We arranged our data structure into six datasets corresponding to the following data dimensions: (a) demographics and other pre-specified covariates, (b) inpatient diagnoses, (c) inpatient procedures, (d) outpatient diagnoses, (e) outpatient procedures, and (f) outpatient drug use. We used the first character of the Read codes to classify the codes into diagnoses and procedures. Read codes that start with “A” to “Z” usually denote diagnoses, while those that start with “3” to “8” usually represent procedures performed. We conducted secondary analyses that did not differentiate between diagnosis and procedure codes, and that used only the first three characters of the diagnosis codes. We also performed an analysis restricted to the years before 2005.
Results
The study cohort included 43,569 initiators of coxibs and 411,616 initiators of tNSAIDs. Our initial computer search identified 468 potential cases of UGIB (73 among coxib users) during the follow-up period, of which 183 (25 among coxib initiators) were confirmed as cases after manual review.

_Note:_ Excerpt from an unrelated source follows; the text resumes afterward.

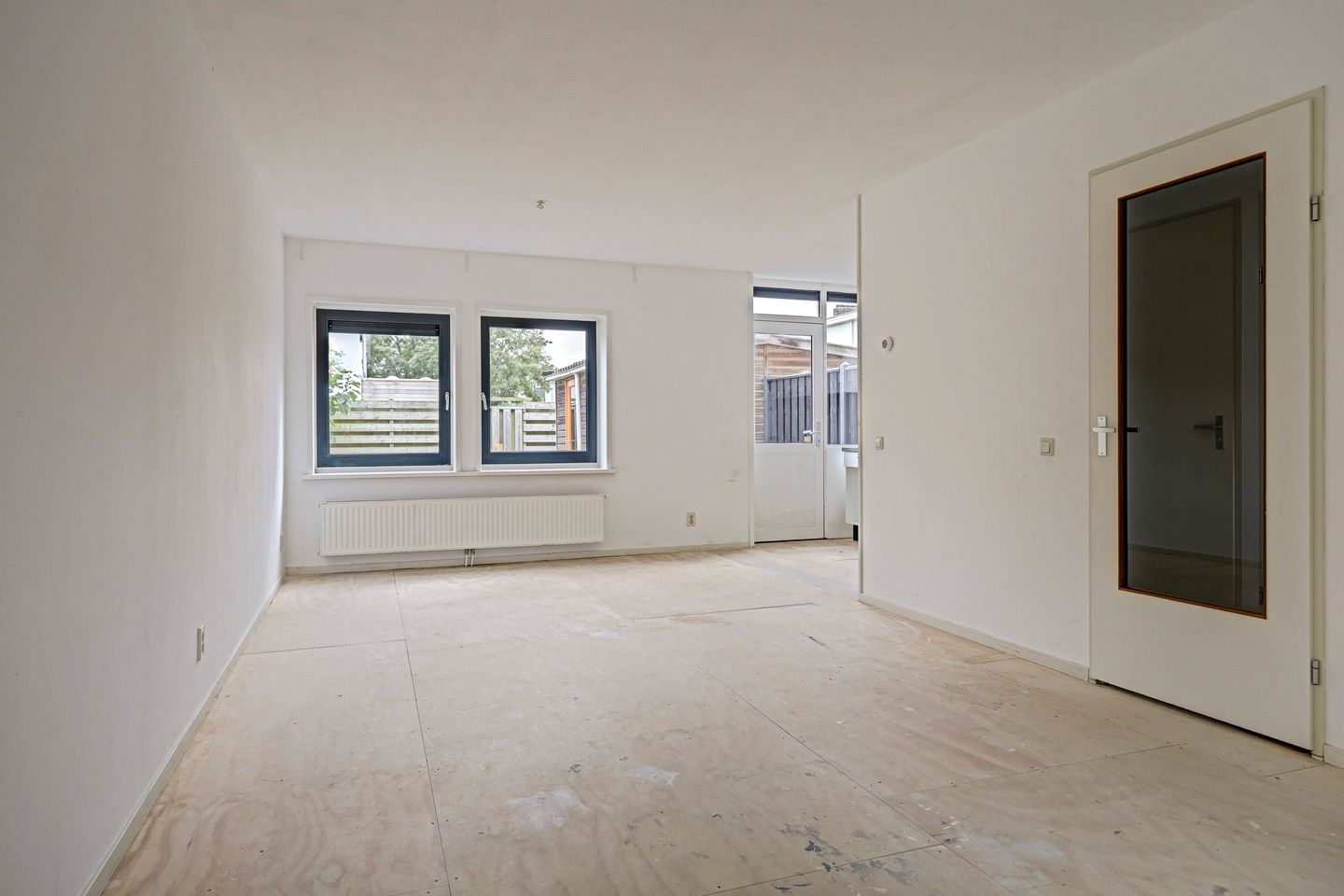 Photo 10 of Aardbeistraat 16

The incidence rate of UGIB (per 1,000 person-years) was 1.2 for coxib initiators and 0.9 for tNSAID initiators, which was consistent with previous studies.11–18 During the 180-day follow-up, the average duration of treatment use was 59 days for coxib initiators and 42 days for tNSAID initiators; 89% of the coxib initiators and 95% of the tNSAIDs initiators stopped using their medications or switched to the other class of NSAIDs before the end of follow-up.
As expected, there was considerable confounding by indication, as individuals whose baseline characteristics and medical history suggest a higher UGIB risk were more likely to initiate a coxib (Table 2).
The unadjusted OR of UGIB for coxib vs. tNSAID initiators was 1.50 (95% CI: 0.98, 2.28). Both confounding by indication and longer duration of coxib use might have contributed to the elevated risk among coxib initiators. The OR was 1.04 (0.68, 1.59) after adjustment for age and sex; 0.98 (0.63, 1.52) after further adjustment for calendar year of treatment initiation; and 0.84 (0.54, 1.31) after further adjustment for the intensity of healthcare utilization summarized by the number of distinct drugs used, physician visits and hospitalizations in the prior year.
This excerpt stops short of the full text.